Line Magnetic LM-512 CA preamp/LM-845 Premium integrated/power amp
The LM-845 Premium is a real gas guzzler of an amplifier built on two chassis, with the main one alone weighing 40 kilos and the ‘smaller’ unit coming it at over 20kg. The latter houses the output transformers, which gives you an idea of the manufacturer’s ambitions and how little the company is prepared to compromise. As you might be able to tell from the array of controls on the front panel, the LM-845 operates as both an integrated amplifier or as a power amp, and there are four line inputs (one on XLR) plus a preamplifier input and a control to choose between operational modes. There’s even a remote handset for volume. The array of knobs and meters on the front would suggest that it’s a measurement device for good reason as it can also measure the bias on the various tubes sprouting from the top.

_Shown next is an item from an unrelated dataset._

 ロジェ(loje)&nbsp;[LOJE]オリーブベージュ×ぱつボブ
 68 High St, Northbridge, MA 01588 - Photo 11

There is also the option to adjust negative feedback between minimum and maximum. I listened in its full-on mode because that was how it arrived and would lend itself to less sensitive speakers than are generally chosen for 30 Watt amplifiers. However, I gave the minimum feedback option a try and got a more ethereal and soft sound that worked well with classical pieces but less so in situations where rhythm is crucial. The tube array consists of 12AX7 triodes in the input stage, pairs of 310A and 300B drivers, and the eponymous 845 triodes in single-ended mode, providing the loudspeakers’ power. The latter usually looks pretty significant, but on an amplifier of this scale, they don’t seem extreme in the least.The output transformers in the second, Premium, chassis connect to the amp with a pair of chunky umbilical cables, and speaker cabling connects to one of three impedance taps (4, 8 and 16 Ohms) on the back of this unit. Fit and finish are once again excellent, but the styling is more restrained than the main amplifier.
Listening commenced with the 845 Premium as an integrated driving Bowers & Wilkins 802 loudspeakers that are strong on sensitivity if not easy to drive. Still, the pairing worked well, unusually so for a single-ended triode. The critical tube quality of tonal colour was immediately apparent on Arve Henriksen’s trumpet and the atmospheric electronica that surrounds it. There was good depth to the soundstage too, and not too much midrange forwardness. The latter is all too common with SETs when they struggle with a heavy load, but there wasn’t much struggling going on here. I loved the depth of tone it pulled out of the basses on ‘Magnet Pulls Through’ [Tortoise, Thrill Jockey], and the weight behind the kick drum was round and deep. When the snare comes in, you can feel its snap and the pulse of the soundfield produced by the bass, which is tactile music reproduction with lots of nuances. Immediacy is a classic triode characteristic, one of the reasons for this ancient technology’s appeal, and you get plenty of it with the Line Magnetic, which brings Leonard Cohen and Herbie Hancock’s version of ‘The Jungle Line’ to life [River: The Joni Letters, Verve]. The amplifier enhances the gravelly-voiced description of Rousseau’s painting, making the imagery that much more vivid and lush.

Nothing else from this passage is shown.